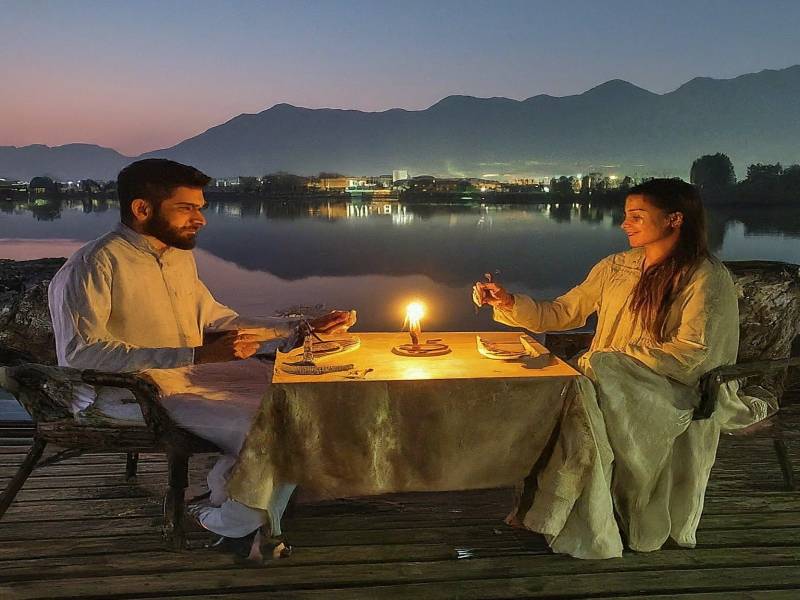 Kashmir Super Deluxe 7 Nights & 8 Days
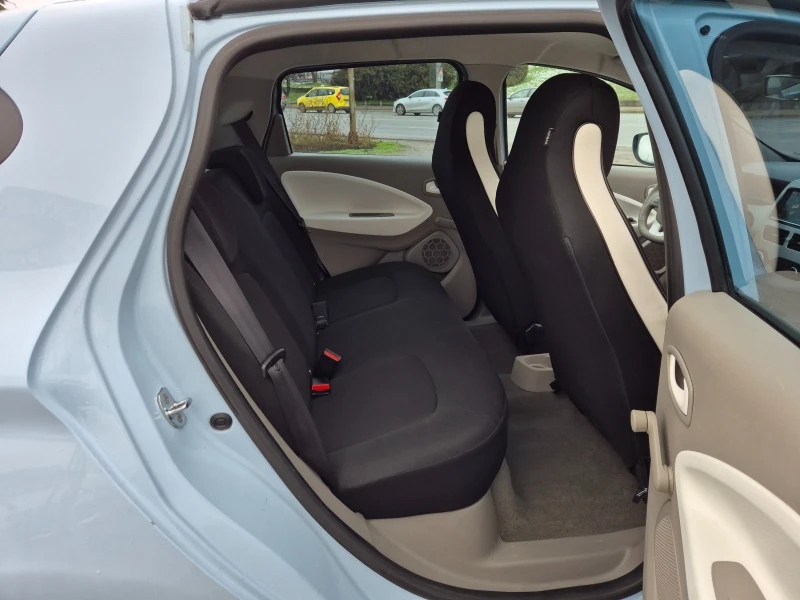 Renault Zoe 22 Kwh, снимка 10 - Автомобили и джипове - 53436851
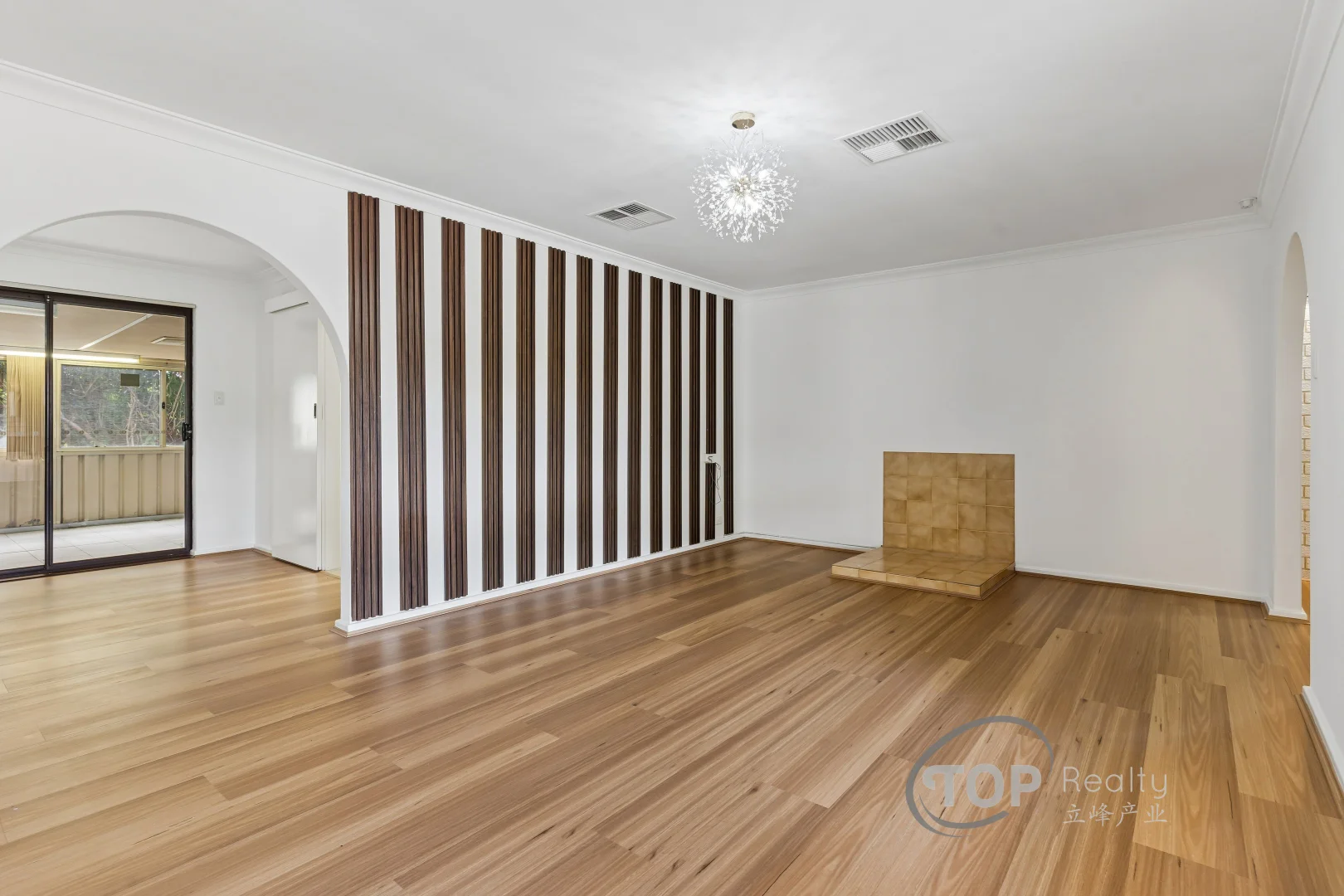 30 Mirrelia Way, Riverton WA 6148 photo 5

▶ **YOUR TASK**: Repeat the data word for word. Images are not part of the copy.

▶ **EXERCISE ANSWER**:
 Kashmir Super Deluxe 7 Nights & 8 Days
 Renault Zoe 22 Kwh, снимка 10 - Автомобили и джипове - 53436851
 30 Mirrelia Way, Riverton WA 6148 photo 5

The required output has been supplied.